Starwood Hotels & Resorts Worldwide, for example, recently launched an initiative to re-energize its Sheraton Hotels legacy brand. Cornerstone of the 10-point Sheraton 2020 plan is to more clearly define what the brand means to consumers and to owners and developers. The five-year plan includes new product offerings, an aggressive marketing program, new service and training messages and a development push.
Through conversions, adaptive reuse and new-build projects, Sheraton forecasts more than 150 new openings in the next five years. Also, more than 100 existing and new properties will carry the Sheraton Grand sub-brand. These properties, which initially will be in gateway city locations, will have higher design and service standards.
Starwood and Sheraton are backing the initiative with a $100-million marketing campaign starting this year and continuing through 2017. The program is a combination of global advertising, social media messaging and enhancements to the brand’s loyalty program.
A lot of new full-service hotel development is happening in urban centers, often as part of public/private partnerships aimed at supporting convention and meeting facilities. In Cleveland, Ohio, for example, the county is building a $272-room, 600-room Hilton Downtown. The property, which opens next spring ahead of the Republican National Convention in Cleveland, is adjacent to the city’s expanded convention center and the new Global Center for Health Innovation, a merchandise mart for the region’s growing medical infrastructure.
Buffalo, N.Y., and Kansas City, Mo., are two other second-tier cities with new urban full-service hotels. A 205-room Marriott opened in Buffalo in September as part of a sports and entertainment development. And in Kansas City, developers are finalizing plans for an 800-room Hyatt hotel near the city’s convention center. The project is benefitting from tax incentives and other public financing.
The hotel development pipeline is strong for full-service hotels in the upscale and upper-upscale chain scale segments. According to Lodging Econometrics, the total pipeline for the upper-upscale segment comprises 156 hotels with 37,909 rooms, while the upscale pipeline (which includes some select-service proprieties) has 1,012 hotels with 133,706 rooms.

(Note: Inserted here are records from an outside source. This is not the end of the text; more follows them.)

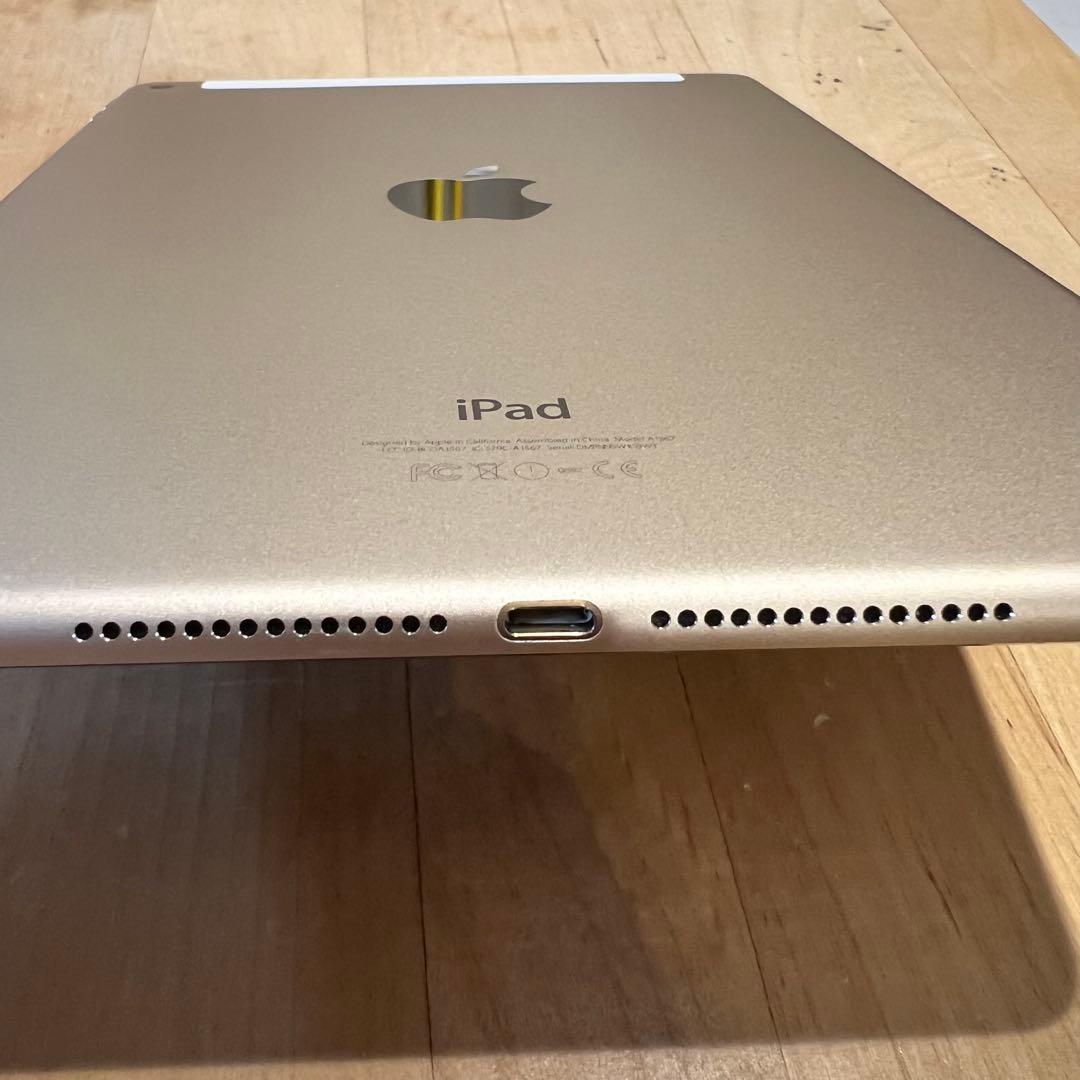 iPad Air 2 16GB Wi-Fi+セルラー ゴールド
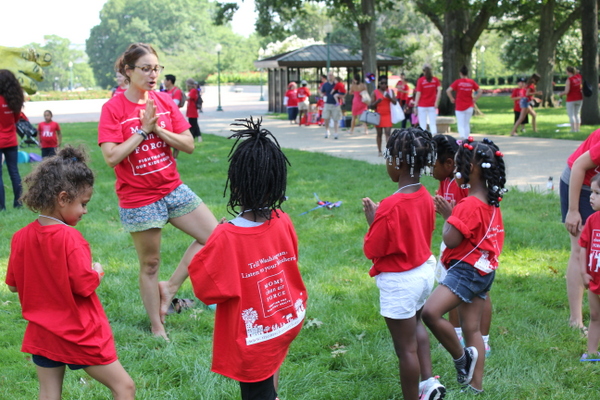 Moms Clean Air Force Play-In for Climate Action 2015 yoga Amanda Jones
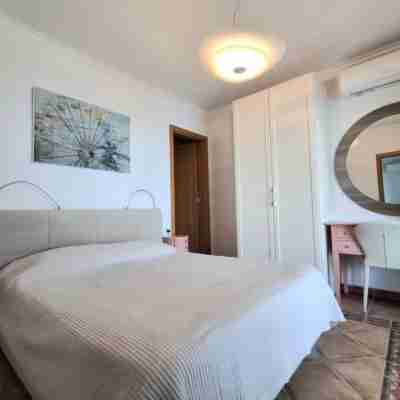 Four bedroom beach apartment Sveti Stefan Rooms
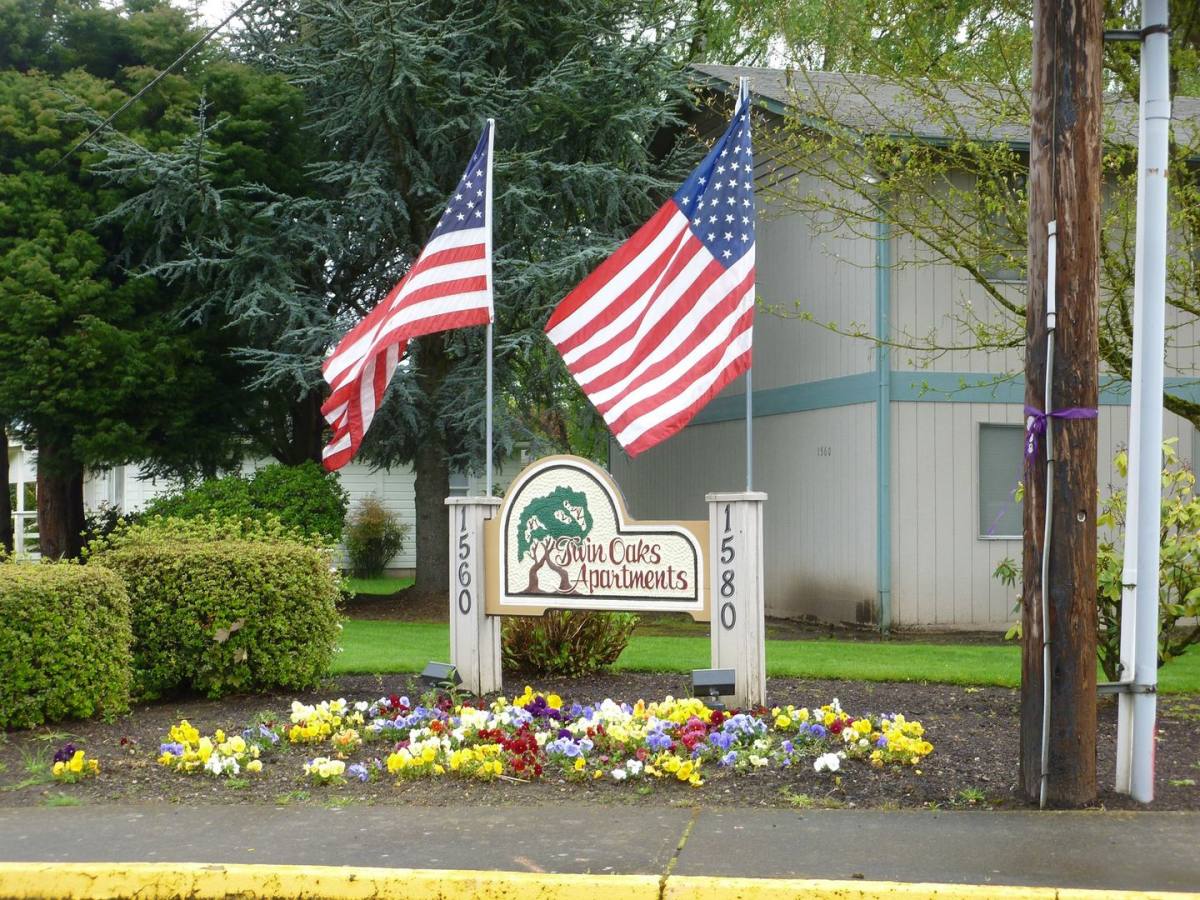 Apartment for rent at 1560 Newberg Highway 1, Woodburn, OR 97071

In 2015, 220 upscale hotels with 26,850 rooms are scheduled to open. That represents 4.1 percent of the segment’s total room supply. In the upper-upscale segment, 30 properties with 5,775 rooms will open this year.

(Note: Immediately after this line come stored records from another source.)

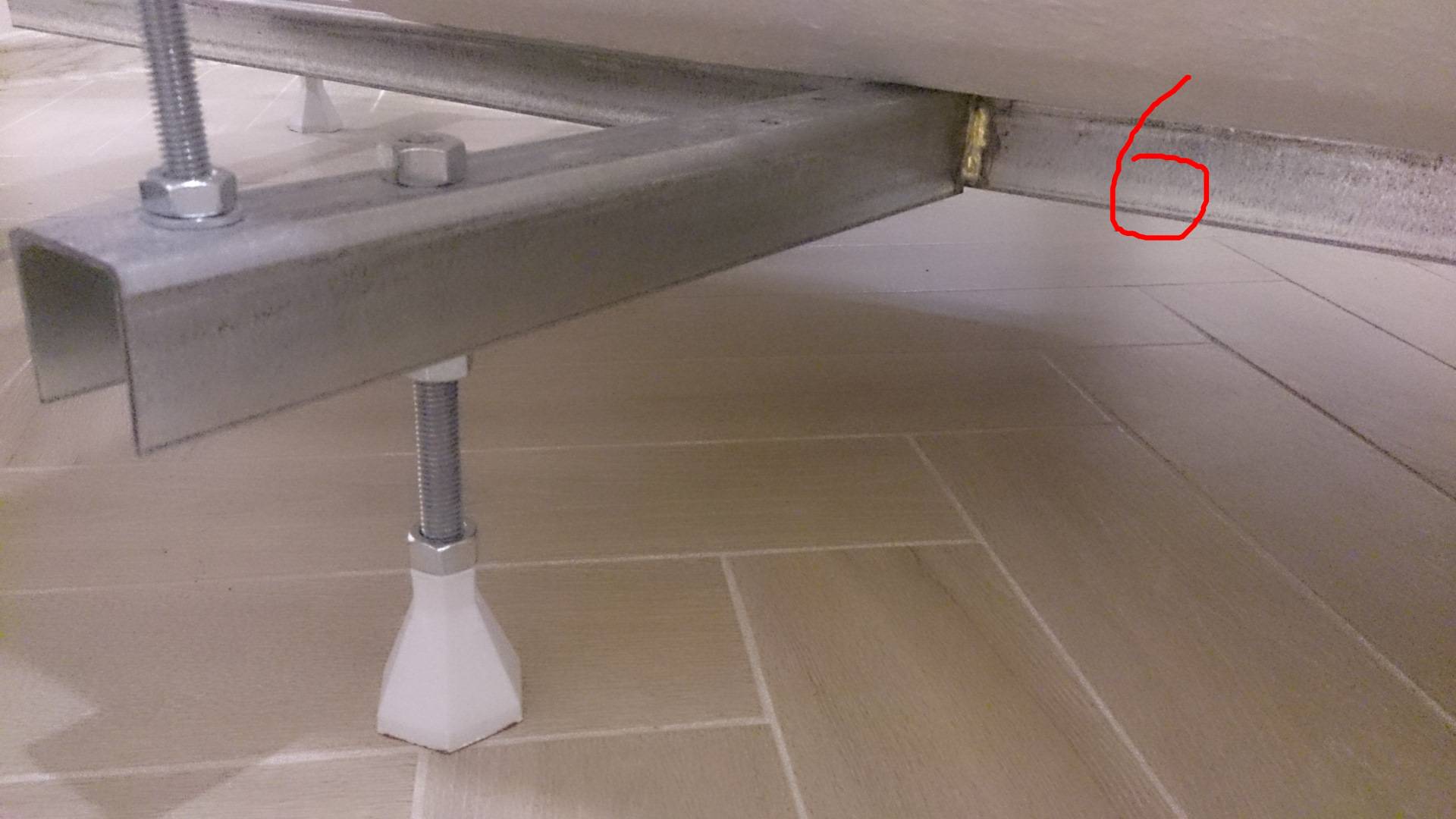 Installer une baignoire en acier de vos propres mains: comment installer sur des pieds, des briques (+ photo vidéo)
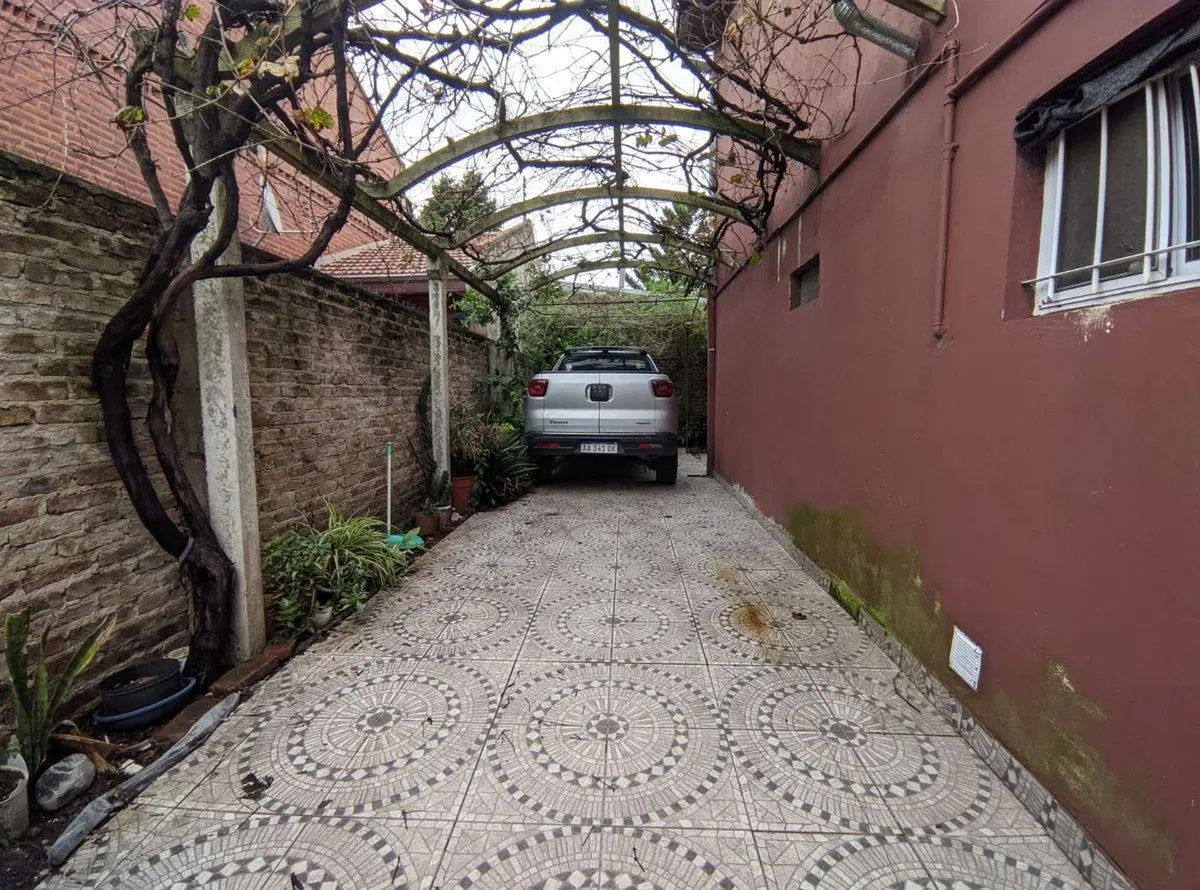Vivienda multifamiliar + 3 locales 4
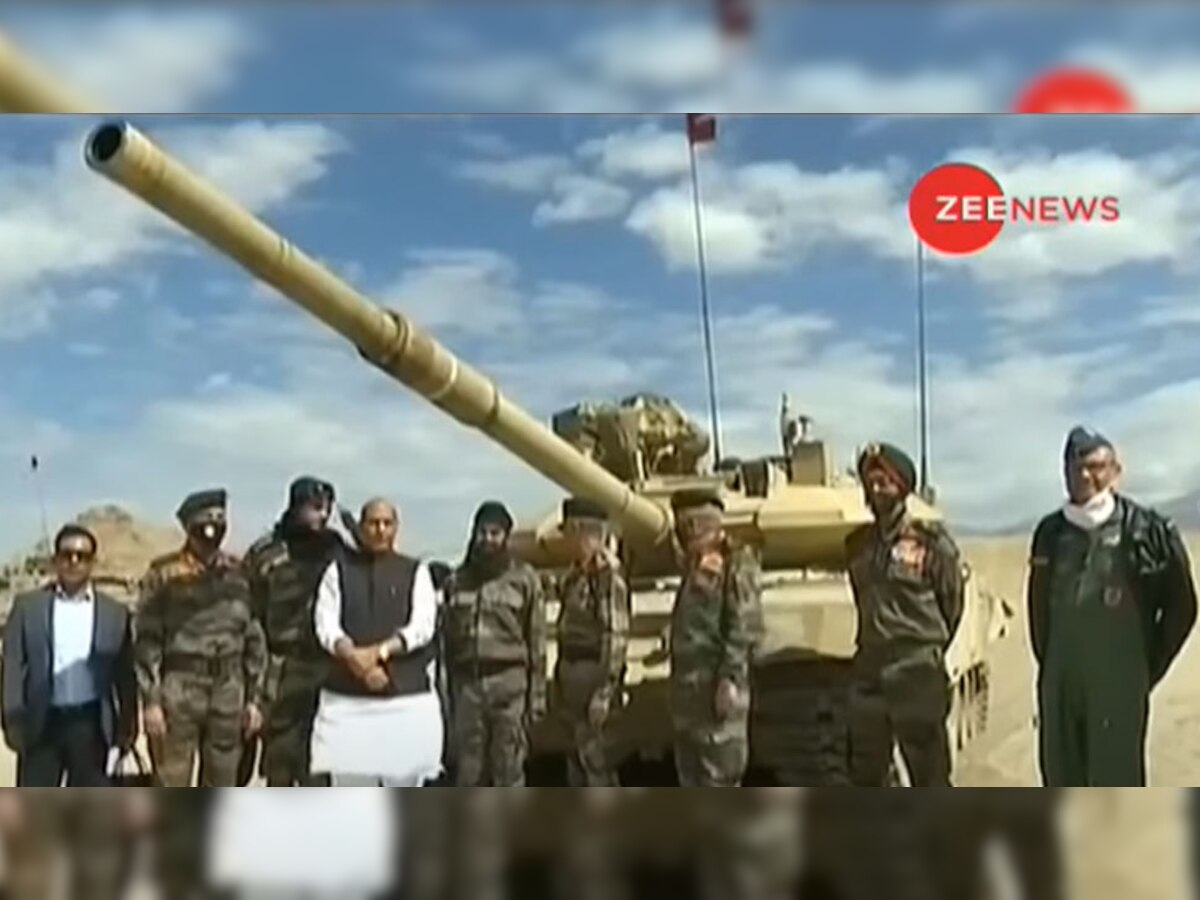 लेह में सेना का युद्धाभ्यास, रक्षा मंत्री ने हथियार उठाकर दिया ये सख्त संदेश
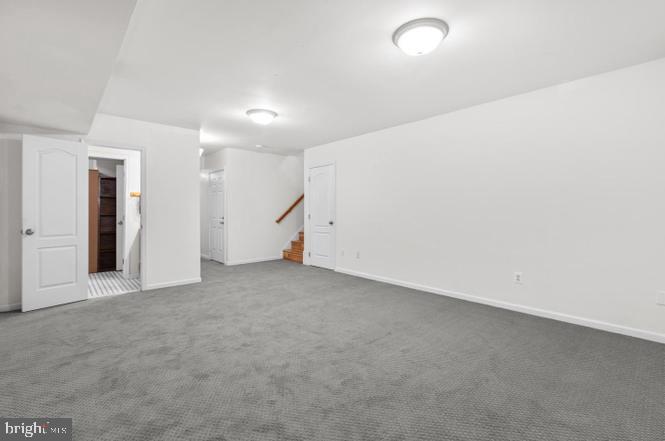 53 Bloomington Ln Property Photo 8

Openings in the upscale segment will accelerate over the next few years. In 2016, 31,744 rooms will enter the market, followed by 38,727 rooms in 2017. In 2018 and beyond, openings in the upscale segment will account for 48,092 rooms.
Sales of full-service properties have also been brisk. According to Dan Lesser, president and CEO of LW Hospitality Advisors, a number of full-service properties in the U.S. have traded above $250,000 per key this year.
The 655-room Marriott East Side in New York City sold for $270 million, or $412,214 per room. Other large sales during the quarter included the Hyatt Regency La Jolla in California ($282,974 per room), the Hilton Clearwater Beach, Fla., ($322,115 per room) and the Westin Minneapolis ($310,280 per room).
Fueling the interest in full-service development and acquisitions are strong performance metrics for the upscale and upper-upscale segments. Both are performing at or above marks set by the U.S. industry as a whole.
Occupancy in the second quarter was 76 percent for the the upscale segment and 75.7 percent for the upper-upscale tier. Nationwide occupancy was 67.2 percent during the period.
The upscale segment, in particular, performed well in the quarter. Demand was up nearly 5 percent, while average daily rates grew by more than 5 percent.